Избранные произведения в трех томах. Том 1
Шрифт:
— Нормы твои мне ни к чему. — Дядя Митя отстранил листок. — У меня свое собственное соображение имеется. Молод ты меня учить. Твой отец еще из рогатки по воробьям пулял, а я уже в пасечном деле не первый годок работал. Я. милочек Костенька, пчелку знаю, и пчелка меня знает. У нас с ней разногласий нету, не водится. Книжечки–бумажечки для этаких сопливеньких пишутся, с нашего, стариковского опыта пишутся. Мы, старики, сами книга, — читать только ее надо с умом; прислушиваться к ней да разбираться…
Дядю Митю понесло, заговорил, не остановишь. Антон Иванович, не слушая его, взял у Кости листок с нормативами, подчеркнул несколько цифр карандашом, принялся множить.

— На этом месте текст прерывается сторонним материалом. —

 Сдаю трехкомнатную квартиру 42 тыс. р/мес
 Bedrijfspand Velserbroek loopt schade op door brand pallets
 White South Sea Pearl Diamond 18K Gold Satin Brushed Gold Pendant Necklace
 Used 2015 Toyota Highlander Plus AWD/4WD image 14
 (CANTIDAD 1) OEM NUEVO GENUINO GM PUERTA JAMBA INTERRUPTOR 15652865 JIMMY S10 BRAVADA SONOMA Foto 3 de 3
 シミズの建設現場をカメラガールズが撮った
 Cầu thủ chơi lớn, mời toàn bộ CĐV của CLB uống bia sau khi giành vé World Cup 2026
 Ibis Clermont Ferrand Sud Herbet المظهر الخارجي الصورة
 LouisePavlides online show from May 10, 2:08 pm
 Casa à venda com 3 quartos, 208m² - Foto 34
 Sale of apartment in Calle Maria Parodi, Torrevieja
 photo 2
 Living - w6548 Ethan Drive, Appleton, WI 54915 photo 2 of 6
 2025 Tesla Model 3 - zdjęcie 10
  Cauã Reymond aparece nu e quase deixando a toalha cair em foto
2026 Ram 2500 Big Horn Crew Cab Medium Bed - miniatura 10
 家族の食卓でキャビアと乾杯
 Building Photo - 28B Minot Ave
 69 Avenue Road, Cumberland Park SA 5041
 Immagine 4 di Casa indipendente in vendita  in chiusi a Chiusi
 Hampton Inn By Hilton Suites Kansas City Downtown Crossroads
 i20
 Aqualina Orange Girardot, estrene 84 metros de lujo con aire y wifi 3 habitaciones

— Верно! — Удивляясь, он обвел итог жирным овалом. — Точно! Двадцать шесть пудов зажимаешь, дядя Митя, без нужды.
— Ему веришь, врунишке?
Что Костя Кукушкин — врунишка, так думать Антон Иванович оснований не имел, напрасно дядя Митя наводил на паренька тень. Если в чем и пришлось убедиться председателю, то только в излишней Костиной подозрительности. Криво усвоив принцип соревнования, Костя долго хранил верность этому принципу, — от дяди Мити он ждал подвохов постоянно. После того как по требованию Лаврентьева пришлось снять колючую проволоку, которой Костя старательно отгородил свой участок пасеки, он не успокоился — натягивал в траве незаметные нитки. Помешать конкурирующей стороне проникнуть в запретную зону они, понятно, не помешают, но, во всяком случае, видно будет — ходил вокруг Костиных ульев дядя Митя или нет. Нитку он довольно часто находил оборванной, кричал на дядю Митю, вызывая этими криками со стороны старого пчеловода длиннейшие речи в защиту нравственности и морали. Не вытерпел и пошел жаловаться к председателю. Костя вообще признавал иметь дело только с председателем. К Лаврентьеву он никогда не обращался, считая, что агроном — это по растениеводству, по зерну, картошке, а пчелы не картошка.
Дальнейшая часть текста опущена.